Aujourd’hui, Hanoï est ainsi : opérée à trottoirs ouverts, blessures béantes protégées de palissade en tôle, derrière lesquelles s’affairent des centaines de chirurgiens. Chrysalide, elle se transforme dans les affres de la douleur. Car la ville n’oublie pas son nom originel : Thang Long (envol du Dragon). Et déjà, se dessine son nouveau visage. Comme un trait de mascara souligne la séduction du regard, la fresque en mosaïque se déroule sur le mur de la digue du fleuve Rouge.

Le pont de Long Biên, ouvrage construit à l'époque coloniale française par l'entreprise Daydé & Pillé.

Comme des touches de couleurs pour donner de l’éclat aux pommettes, des parcs fleuris surgissent dans les quartiers. Les avenues s’embellissent, s’élargissent, et donnent naissance à des mails où il fait bon se promener. D’anciens murs retrouvent leurs habits d’apparats. Les marchés font peau neuve. Tout doucement, derrière les cicatrices on devine Hanoï la belle, prête à séduire le monde entier pour être digne de sa place dans ce troisième millénaire.
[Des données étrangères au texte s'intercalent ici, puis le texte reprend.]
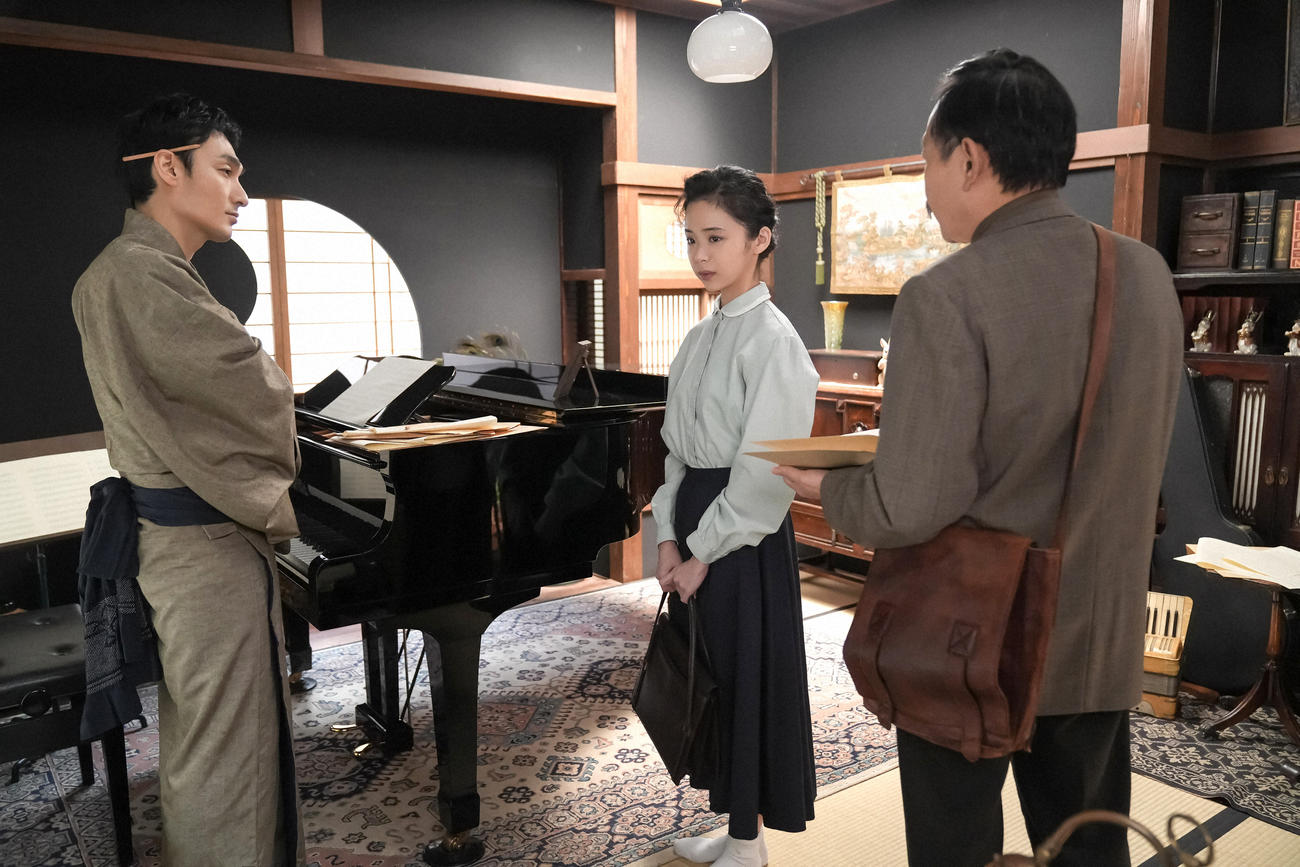 NHK連続テレビ小説「ブギウギ」の1場面（C）NHK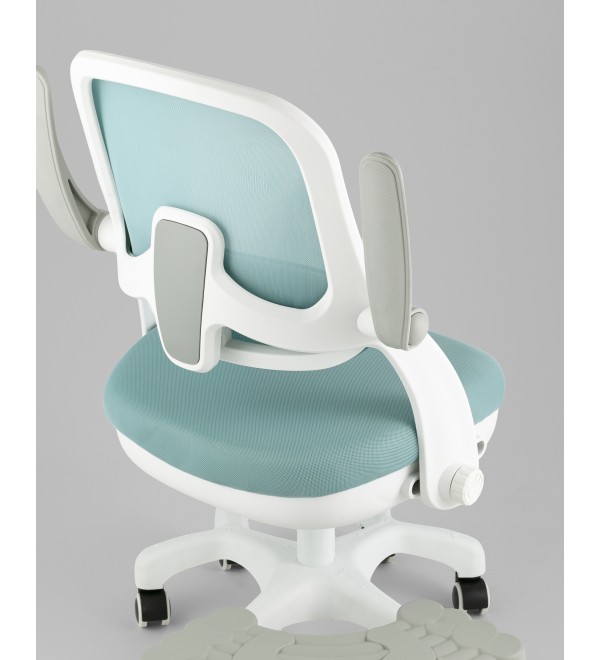 Кресло детское TopChairs 2572 голубой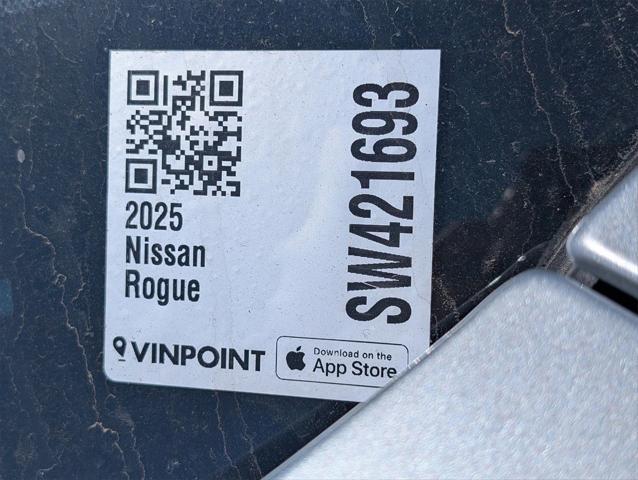 new 2025 Nissan Rogue car, priced at $32,541
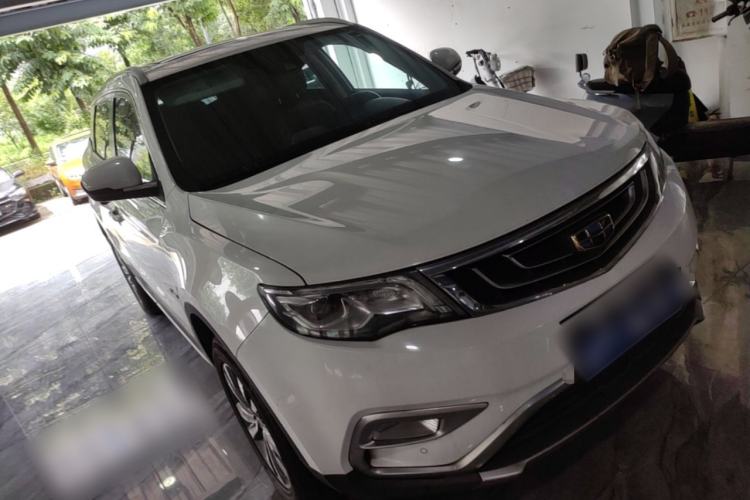 Used Geely Auto Emgrand X7 Sport 2016 1.8TD Automatic ZhiZun Version Front Right 45 Deg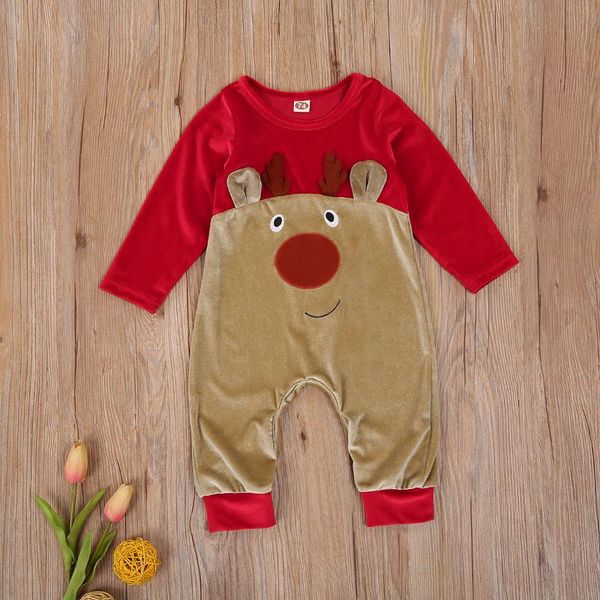 jumpsuits 3-18m infant born baby boy girl clothing christmas long sleeve deer romper jumpsuit red xmas clothes, Blue
jumpsuits 3-18m infant born baby boy girl clothing christmas long sleeve deer romper jumpsuit red xmas clothes, Blue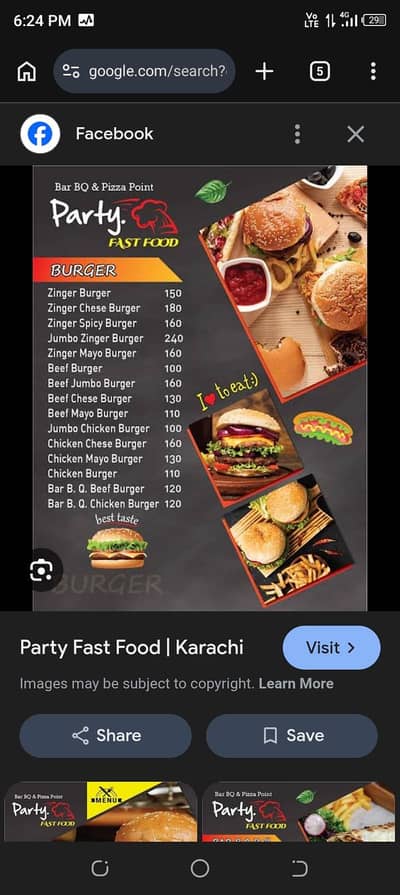  **Fast Food Expert Required – Karachi** 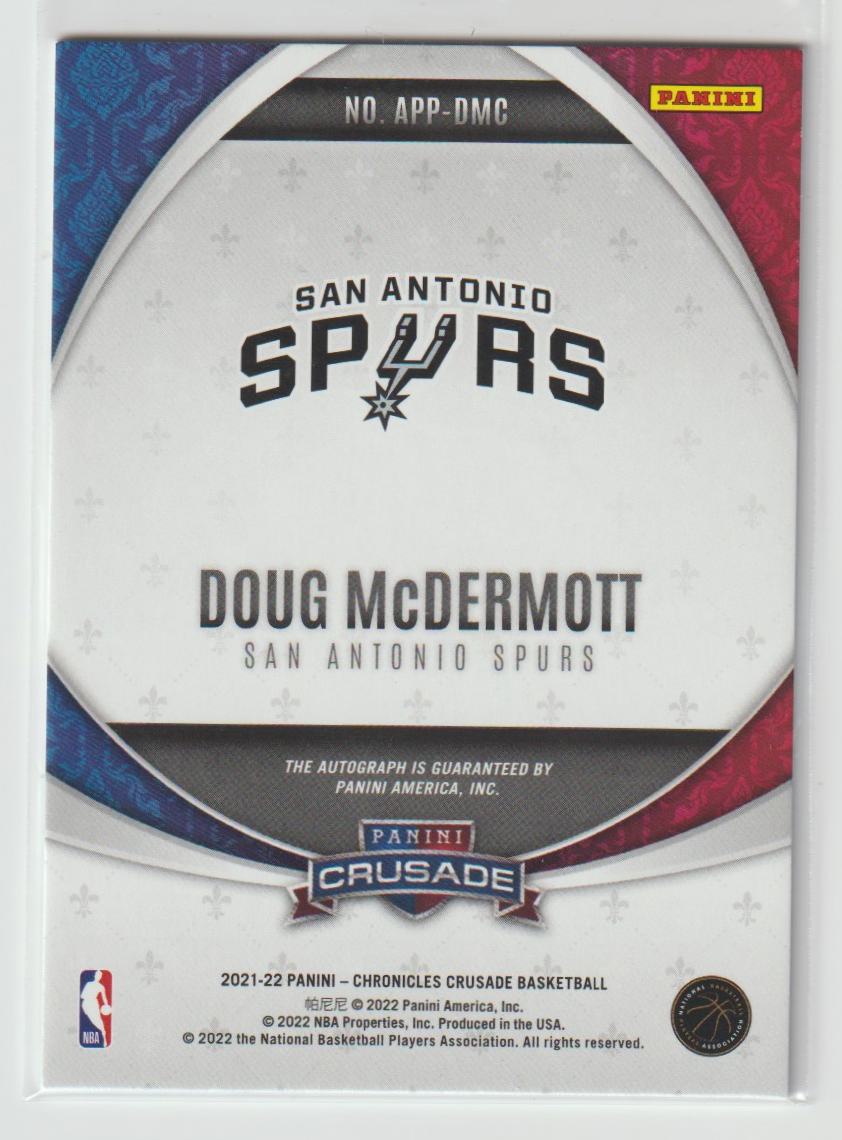 APP-DMC Doug McDermott - San Antonio Spurs 24/ 99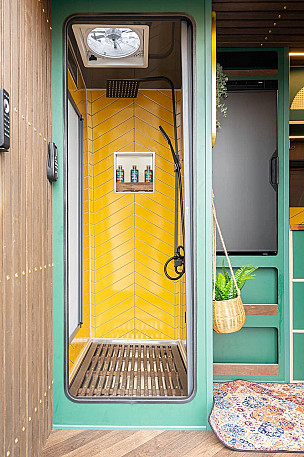 Campervan hire Straiton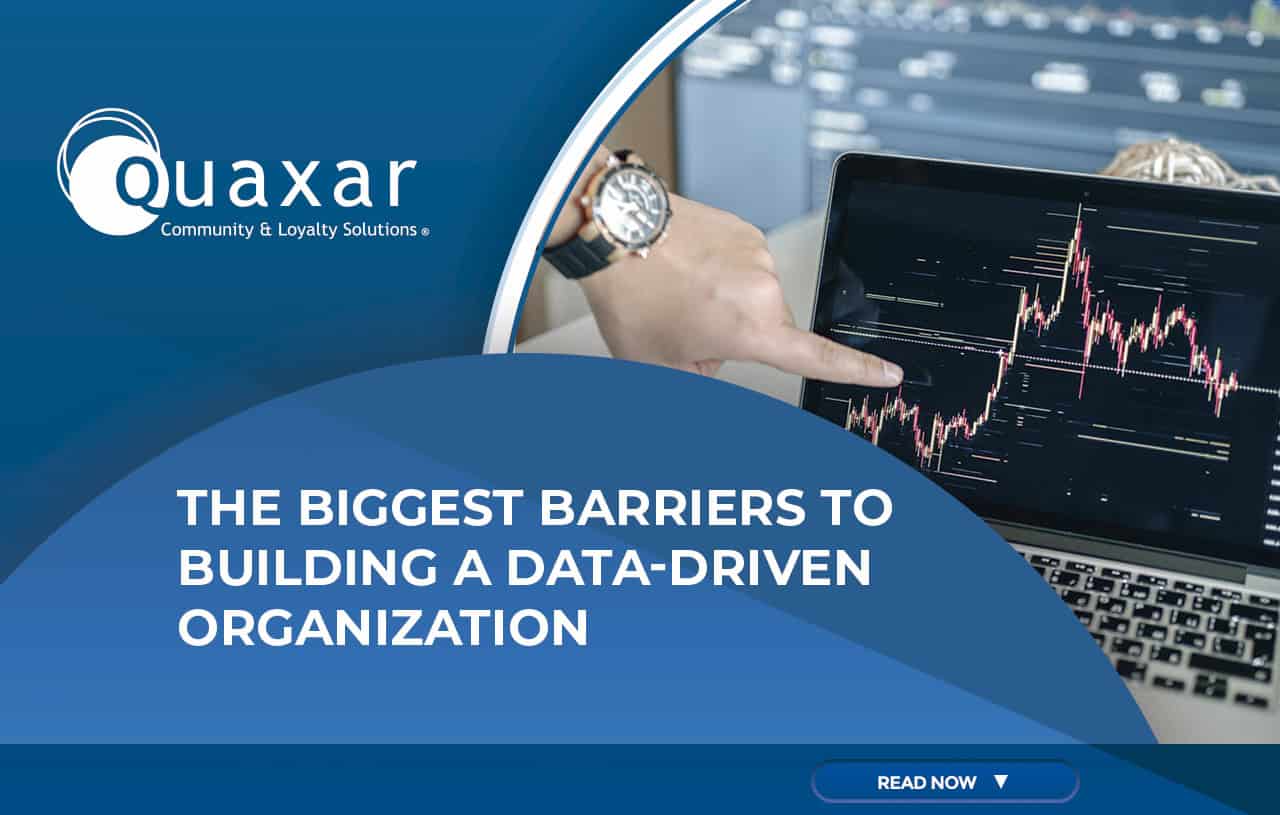 The Biggest Barriers to Building a Data-Driven Organization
À ma modeste place, je ne peux qu’admirer cette extraordinaire faculté féminine à souffrir pour être belle, en espérant que le résultat sera à la hauteur des sacrifices. Mais en tant que soupirant, je voudrais dire à Hanoï que nous ne l’aimons pas seulement pour sa beauté future. Nous l’aimons aussi pour son charme d'aujourd'hui. Nous aimons son Vieux quartier aux trottoirs encombrés et aux odeurs entêtantes. Nous aimons le chaos au pied du pont Long Biên. Nous aimons ses vieux marchés, labyrinthes truculents qui nous happent sans pitié. Nous aimons ces vieilles maisons si longues et si étroites qui recèlent tant de mystères.

Nous aimons les siècles d’Histoire racontées tout au long de la ville, témoins de son courage et de sa ténacité. Nous aimons nous perdre dans les ruelles tortueuses, à la recherche de rencontres inattendues. Nous aimons ces légendes qui s'inscrivent dans l'âme des pierres millénaires de la ville. Nous aimons suivre les traces de ceux qui nous ont précédés, recherchant dans la réalité ce que leurs livres ont laissé à notre imagination.

Nous aimons Hanoï d'hier autant que nous admirons Hanoï de demain. Nous t’aimons Hanoï telle que tu es ! Alors, si tu veux être encore plus belle, c’est ton choix, mais de grâce n’oublie pas que la beauté parfaite est souvent plus froide à nos cœurs que la séduction éternelle d’une petite imperfection.